Die Verweigerung kann hier auch die Erteilung eines Kinderausweise oder die Beschaffung eines Kindervisums, bei welchem beide Elternteile ihre Zustimmung erteilen müssen, betreffen. Reisen mit Kindern im EG-Bereich sind allerdings keine Angelegenheit "von erheblicher Bedeutung", es sei denn, dass es sich um ein Krisengebiet wie etwa den Kosovo oder Albanien handelt.[9] Angelegenheiten von erheblicher Bedeutung dürften aber in jedem Falle Fernreisen betreffen.[10]

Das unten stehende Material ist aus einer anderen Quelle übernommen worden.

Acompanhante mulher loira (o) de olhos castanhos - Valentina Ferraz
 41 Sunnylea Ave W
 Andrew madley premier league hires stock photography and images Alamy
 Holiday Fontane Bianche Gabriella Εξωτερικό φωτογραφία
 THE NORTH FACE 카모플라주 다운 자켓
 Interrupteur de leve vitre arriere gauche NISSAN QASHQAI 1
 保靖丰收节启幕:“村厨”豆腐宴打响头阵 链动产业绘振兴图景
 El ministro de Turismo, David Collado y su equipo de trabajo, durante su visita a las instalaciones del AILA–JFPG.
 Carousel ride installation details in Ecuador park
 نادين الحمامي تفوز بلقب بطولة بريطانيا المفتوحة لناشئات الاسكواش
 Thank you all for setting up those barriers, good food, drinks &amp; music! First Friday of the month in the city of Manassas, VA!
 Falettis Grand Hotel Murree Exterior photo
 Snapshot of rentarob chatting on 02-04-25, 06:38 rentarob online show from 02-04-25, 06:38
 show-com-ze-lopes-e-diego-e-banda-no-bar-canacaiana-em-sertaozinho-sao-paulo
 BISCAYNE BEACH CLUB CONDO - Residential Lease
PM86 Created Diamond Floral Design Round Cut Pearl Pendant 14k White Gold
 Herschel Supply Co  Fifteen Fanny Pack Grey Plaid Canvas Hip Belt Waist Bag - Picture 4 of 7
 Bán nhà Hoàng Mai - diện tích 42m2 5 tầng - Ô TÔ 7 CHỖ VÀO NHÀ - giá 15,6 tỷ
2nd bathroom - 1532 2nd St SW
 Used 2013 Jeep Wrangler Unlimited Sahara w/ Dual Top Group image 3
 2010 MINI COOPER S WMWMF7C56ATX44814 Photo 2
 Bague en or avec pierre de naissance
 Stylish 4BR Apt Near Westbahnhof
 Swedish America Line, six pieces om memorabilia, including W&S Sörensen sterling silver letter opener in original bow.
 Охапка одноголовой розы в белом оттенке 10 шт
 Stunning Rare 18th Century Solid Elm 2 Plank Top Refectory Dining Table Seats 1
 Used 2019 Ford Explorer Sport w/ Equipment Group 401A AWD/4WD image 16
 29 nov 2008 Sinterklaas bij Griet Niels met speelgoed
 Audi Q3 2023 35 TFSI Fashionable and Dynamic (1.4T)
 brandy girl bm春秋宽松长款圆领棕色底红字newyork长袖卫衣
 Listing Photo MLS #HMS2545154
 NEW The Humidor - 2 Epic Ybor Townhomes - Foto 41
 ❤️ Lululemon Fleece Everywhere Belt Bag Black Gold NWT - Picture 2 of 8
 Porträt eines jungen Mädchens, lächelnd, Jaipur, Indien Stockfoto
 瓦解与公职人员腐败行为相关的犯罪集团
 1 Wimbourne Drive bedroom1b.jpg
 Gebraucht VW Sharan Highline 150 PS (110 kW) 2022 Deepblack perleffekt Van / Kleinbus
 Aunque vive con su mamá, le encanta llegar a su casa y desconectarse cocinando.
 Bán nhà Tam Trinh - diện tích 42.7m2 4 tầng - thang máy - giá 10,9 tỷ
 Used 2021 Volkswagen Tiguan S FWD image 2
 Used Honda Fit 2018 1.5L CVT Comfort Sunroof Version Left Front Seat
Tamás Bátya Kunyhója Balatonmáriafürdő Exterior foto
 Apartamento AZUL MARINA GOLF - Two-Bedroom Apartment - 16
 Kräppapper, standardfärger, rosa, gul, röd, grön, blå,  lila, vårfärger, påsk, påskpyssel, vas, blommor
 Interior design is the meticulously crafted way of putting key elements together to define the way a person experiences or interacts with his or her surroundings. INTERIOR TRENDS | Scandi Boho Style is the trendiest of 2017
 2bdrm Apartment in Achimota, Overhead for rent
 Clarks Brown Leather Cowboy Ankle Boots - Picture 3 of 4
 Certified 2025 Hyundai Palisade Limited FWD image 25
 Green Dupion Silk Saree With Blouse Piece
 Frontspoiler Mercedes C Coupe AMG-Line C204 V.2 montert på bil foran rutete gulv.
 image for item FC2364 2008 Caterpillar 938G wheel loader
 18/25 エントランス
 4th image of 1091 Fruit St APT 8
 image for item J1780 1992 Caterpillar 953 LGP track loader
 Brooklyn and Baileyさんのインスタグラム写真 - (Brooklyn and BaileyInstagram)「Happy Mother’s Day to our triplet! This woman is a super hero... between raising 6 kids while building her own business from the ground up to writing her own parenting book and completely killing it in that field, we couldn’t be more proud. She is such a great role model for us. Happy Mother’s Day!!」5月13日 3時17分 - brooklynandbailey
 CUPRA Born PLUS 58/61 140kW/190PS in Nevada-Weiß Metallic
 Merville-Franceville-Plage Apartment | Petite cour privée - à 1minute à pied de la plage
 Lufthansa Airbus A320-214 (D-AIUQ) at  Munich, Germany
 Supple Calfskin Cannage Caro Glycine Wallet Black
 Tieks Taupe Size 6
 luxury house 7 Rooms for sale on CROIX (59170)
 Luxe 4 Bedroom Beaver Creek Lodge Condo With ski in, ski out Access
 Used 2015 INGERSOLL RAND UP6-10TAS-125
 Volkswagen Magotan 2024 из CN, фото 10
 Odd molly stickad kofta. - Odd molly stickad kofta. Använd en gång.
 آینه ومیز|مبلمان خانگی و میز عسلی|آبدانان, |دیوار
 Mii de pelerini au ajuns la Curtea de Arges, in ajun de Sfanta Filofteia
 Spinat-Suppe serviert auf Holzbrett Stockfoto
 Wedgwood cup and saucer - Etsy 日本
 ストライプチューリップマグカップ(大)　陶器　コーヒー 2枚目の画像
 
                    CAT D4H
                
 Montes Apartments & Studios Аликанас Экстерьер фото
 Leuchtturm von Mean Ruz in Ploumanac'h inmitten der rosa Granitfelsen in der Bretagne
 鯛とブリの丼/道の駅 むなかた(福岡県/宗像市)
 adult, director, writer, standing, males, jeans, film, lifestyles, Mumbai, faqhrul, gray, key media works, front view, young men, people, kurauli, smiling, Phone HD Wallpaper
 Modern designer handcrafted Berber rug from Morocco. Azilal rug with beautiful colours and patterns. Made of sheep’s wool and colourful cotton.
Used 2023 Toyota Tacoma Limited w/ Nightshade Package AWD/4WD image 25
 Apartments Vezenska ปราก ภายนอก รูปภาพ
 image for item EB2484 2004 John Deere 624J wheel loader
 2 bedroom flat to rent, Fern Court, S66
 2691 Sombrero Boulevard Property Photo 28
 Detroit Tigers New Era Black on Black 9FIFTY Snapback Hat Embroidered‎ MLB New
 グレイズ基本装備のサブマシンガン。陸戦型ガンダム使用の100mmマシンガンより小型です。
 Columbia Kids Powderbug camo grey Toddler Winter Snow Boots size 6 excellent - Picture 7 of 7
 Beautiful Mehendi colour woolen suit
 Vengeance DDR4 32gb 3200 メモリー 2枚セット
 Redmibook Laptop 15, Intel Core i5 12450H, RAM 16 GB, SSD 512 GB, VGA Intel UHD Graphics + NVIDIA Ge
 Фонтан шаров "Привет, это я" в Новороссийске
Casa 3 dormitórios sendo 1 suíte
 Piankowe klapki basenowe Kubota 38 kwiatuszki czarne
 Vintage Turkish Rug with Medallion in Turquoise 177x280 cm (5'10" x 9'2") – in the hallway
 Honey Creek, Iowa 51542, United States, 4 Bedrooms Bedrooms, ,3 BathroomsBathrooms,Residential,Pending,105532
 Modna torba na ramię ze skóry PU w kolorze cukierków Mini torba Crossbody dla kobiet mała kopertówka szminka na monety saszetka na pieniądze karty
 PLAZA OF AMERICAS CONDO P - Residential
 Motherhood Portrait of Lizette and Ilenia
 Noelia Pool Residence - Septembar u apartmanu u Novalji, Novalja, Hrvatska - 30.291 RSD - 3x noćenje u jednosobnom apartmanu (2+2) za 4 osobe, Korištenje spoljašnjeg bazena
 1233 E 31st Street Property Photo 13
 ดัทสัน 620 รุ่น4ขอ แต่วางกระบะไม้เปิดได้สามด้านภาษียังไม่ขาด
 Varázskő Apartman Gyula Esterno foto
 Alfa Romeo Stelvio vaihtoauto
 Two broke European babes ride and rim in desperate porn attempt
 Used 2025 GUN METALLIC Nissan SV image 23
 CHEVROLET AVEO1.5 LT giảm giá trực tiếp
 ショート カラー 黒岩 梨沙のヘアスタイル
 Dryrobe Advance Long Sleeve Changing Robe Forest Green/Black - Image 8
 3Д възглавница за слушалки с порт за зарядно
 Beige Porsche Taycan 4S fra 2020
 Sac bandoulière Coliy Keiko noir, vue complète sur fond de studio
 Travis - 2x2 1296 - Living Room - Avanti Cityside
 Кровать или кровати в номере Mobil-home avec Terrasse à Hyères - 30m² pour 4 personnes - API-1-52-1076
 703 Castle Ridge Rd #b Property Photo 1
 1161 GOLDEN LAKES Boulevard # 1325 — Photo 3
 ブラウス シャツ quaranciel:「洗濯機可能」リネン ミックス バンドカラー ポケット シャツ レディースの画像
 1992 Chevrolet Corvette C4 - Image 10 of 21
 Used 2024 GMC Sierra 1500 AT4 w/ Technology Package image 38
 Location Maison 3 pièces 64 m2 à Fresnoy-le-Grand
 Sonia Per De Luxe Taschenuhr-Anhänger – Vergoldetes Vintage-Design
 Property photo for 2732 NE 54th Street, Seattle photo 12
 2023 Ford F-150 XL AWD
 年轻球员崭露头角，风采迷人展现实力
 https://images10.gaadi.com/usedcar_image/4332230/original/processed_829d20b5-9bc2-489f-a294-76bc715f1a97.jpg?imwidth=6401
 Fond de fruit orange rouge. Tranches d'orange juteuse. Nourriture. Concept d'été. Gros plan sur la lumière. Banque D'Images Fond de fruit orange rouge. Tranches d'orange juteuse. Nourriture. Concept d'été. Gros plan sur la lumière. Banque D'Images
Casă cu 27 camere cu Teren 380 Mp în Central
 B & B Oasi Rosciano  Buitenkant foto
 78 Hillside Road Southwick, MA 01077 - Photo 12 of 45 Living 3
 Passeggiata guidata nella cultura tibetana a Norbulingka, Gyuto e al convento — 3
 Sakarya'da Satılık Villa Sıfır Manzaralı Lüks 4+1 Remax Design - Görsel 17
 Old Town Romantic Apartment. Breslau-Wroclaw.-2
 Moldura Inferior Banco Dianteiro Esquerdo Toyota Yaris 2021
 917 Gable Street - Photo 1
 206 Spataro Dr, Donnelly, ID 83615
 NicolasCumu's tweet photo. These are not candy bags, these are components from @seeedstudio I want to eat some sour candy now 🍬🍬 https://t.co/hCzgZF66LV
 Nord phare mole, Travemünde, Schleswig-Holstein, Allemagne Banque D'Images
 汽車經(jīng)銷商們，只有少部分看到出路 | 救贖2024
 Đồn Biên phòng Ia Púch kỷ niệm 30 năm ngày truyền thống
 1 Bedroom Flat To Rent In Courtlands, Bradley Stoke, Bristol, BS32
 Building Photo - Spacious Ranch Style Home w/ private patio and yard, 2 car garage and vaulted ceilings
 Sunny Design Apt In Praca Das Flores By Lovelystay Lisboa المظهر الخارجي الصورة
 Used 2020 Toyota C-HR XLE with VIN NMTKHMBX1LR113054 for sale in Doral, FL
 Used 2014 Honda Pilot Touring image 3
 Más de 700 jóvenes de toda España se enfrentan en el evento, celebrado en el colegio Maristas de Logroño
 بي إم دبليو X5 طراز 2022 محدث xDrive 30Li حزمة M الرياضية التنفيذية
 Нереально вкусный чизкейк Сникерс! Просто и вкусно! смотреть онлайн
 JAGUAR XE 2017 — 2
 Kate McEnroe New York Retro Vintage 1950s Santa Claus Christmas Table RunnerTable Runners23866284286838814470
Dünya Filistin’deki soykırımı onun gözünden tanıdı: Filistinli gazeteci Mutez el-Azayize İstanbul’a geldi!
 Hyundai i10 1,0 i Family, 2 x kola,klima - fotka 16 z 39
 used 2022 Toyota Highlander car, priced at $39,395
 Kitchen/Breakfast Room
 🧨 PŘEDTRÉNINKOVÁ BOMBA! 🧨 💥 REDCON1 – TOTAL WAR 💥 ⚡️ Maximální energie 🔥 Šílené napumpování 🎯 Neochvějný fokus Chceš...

  • Streitigkeiten über die Namenserteilung.[11]
  • Streitigkeiten über Vermögensfragen, wobei auch hier einstweilige Anordnungen regelmäßig dann möglich sind, wenn z. B. bei vorhandenem ererbten Vermögen gemeinschaftlicher Kinder der eine Elternteil eine Anlage beabsichtigt, mit welcher der andere mitsorgeberechtigte Elternteil nicht einverstanden ist.

Ein Regelungsbedürfnis besteht regelmäßig dann, wenn das Kindeswohl eine einstweilige Regelung zur Abwendung von Nachteilen gebietet.[12] Dies kann aber nur in Ausnahmefällen gegeben sein. Sofern das Kindeswohl gefährdet ist, bleibt die Möglichkeit, ein Verfahren nach § 1666 BGB anzuregen.[13] Zudem stehen solche (Hauptsache-)Verfahren ohnehin unter dem Beschleunigungsgebot (§§ 155 Abs. 1, 155a FamFG), so dass fraglich ist, ob der Antrag auf Erlass einer einstweiligen Anordnung wirklich zeitlich kürzer behandelt werden würde.[14]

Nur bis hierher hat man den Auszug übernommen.